**Required work:** All of the data goes into your copy exactly as written. Images do not.

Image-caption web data
—————
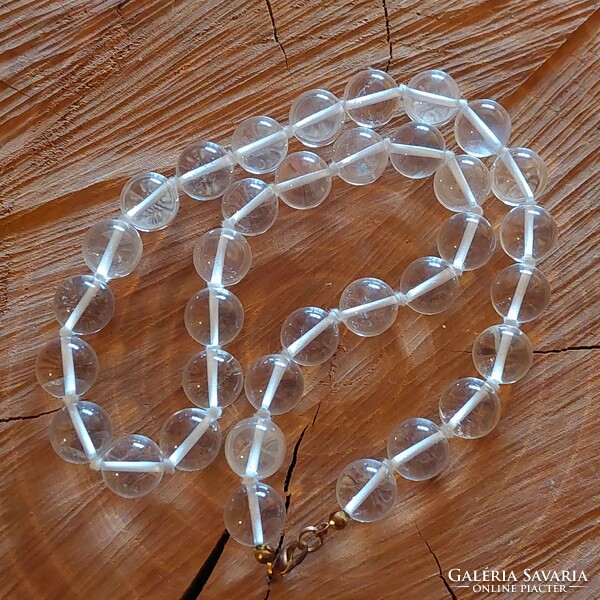 A beautiful big-eyed rock crystal necklace with knotted lacing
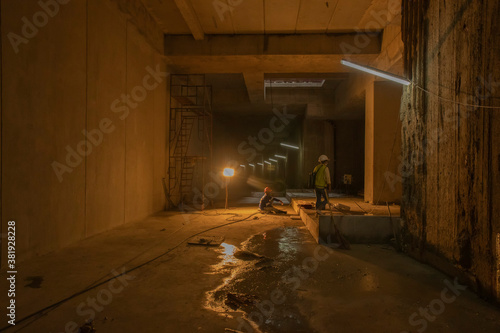 light illuminated the construction site. Workers were sitting on the subway tunnels. working in tunnels and limited spaces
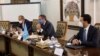 Rafael Mariano Grossi, Director General of International Atomic Energy Agency, IAEA, center, attends a meeting with the Head of Atomic Energy Organization of Iran, Mohammad Eslami, in Tehran, Iran, Sept. 12, 2021.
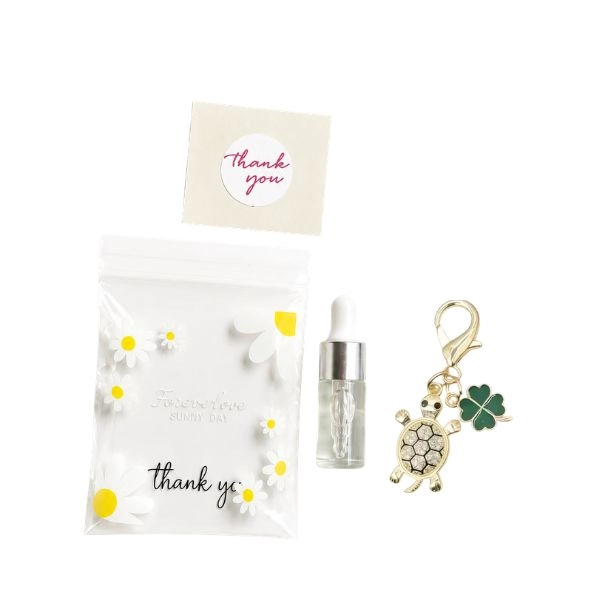 Darilno pakiranje Cuticle Oil Lemon + obesek za ključe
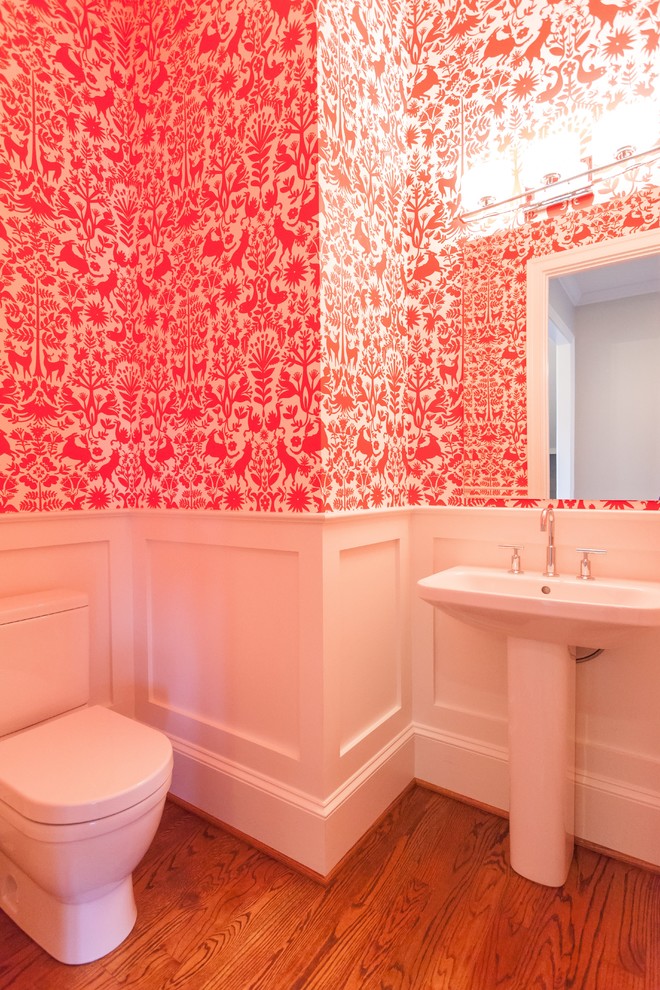 Источник вдохновения для домашнего уюта: туалет в стиле кантри с розовыми стенами, паркетным полом среднего тона, раковиной с пьедесталом и коричневым полом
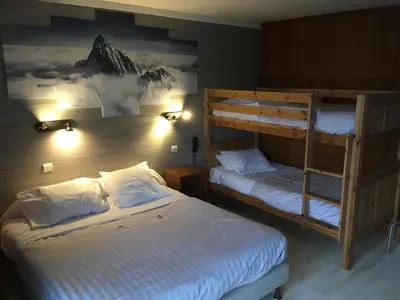 a bedroom with two bunk beds and a ladder at Hotel La Chaumière à 180m du télécabine et de la gare in Saint-Gervais-les-Bains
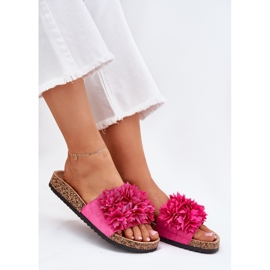 Kvinders flip flops på en kork sål med fuchsia blomster lyserød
—————
**Task response:**
 A beautiful big-eyed rock crystal necklace with knotted lacing
 light illuminated the construction site. Workers were sitting on the subway tunnels. working in tunnels and limited spaces
 Rafael Mariano Grossi, Director General of International Atomic Energy Agency, IAEA, center, attends a meeting with the Head of Atomic Energy Organization of Iran, Mohammad Eslami, in Tehran, Iran, Sept. 12, 2021.
 Darilno pakiranje Cuticle Oil Lemon + obesek za ključe
 Источник вдохновения для домашнего уюта: туалет в стиле кантри с розовыми стенами, паркетным полом среднего тона, раковиной с пьедесталом и коричневым полом
 a bedroom with two bunk beds and a ladder at Hotel La Chaumière à 180m du télécabine et de la gare in Saint-Gervais-les-Bains
 Kvinders flip flops på en kork sål med fuchsia blomster lyserød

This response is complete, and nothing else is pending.